## Work item
Begin your copy at the line that holds "Legendy rodzą się w LISTOPADZIE" and carry it through the final line of the data, writing out each line exactly and omitting pictures.

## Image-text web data
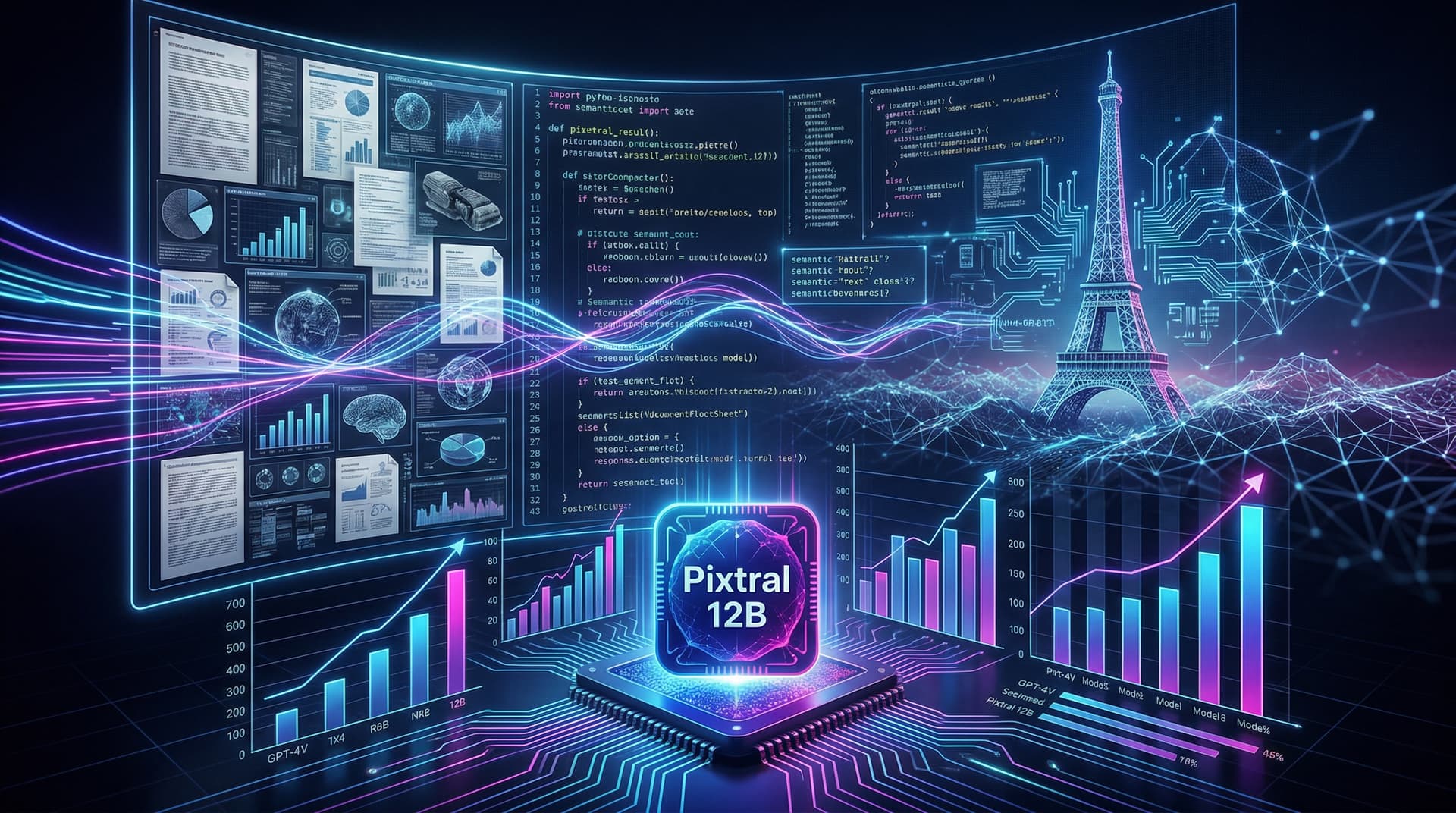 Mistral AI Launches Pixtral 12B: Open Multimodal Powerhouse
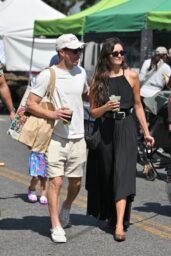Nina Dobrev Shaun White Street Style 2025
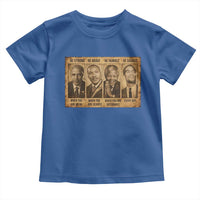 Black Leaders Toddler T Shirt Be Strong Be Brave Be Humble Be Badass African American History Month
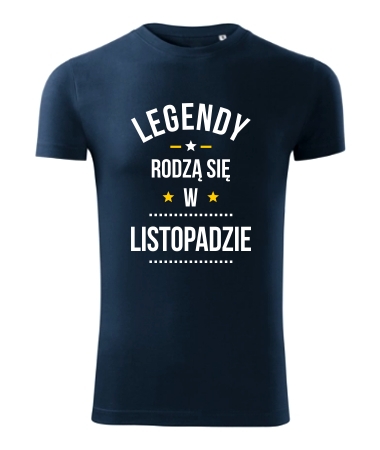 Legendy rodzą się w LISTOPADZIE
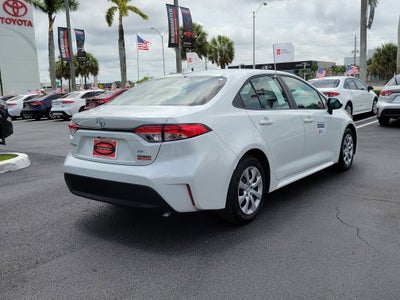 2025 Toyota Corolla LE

## Result of the task
 Legendy rodzą się w LISTOPADZIE
 2025 Toyota Corolla LE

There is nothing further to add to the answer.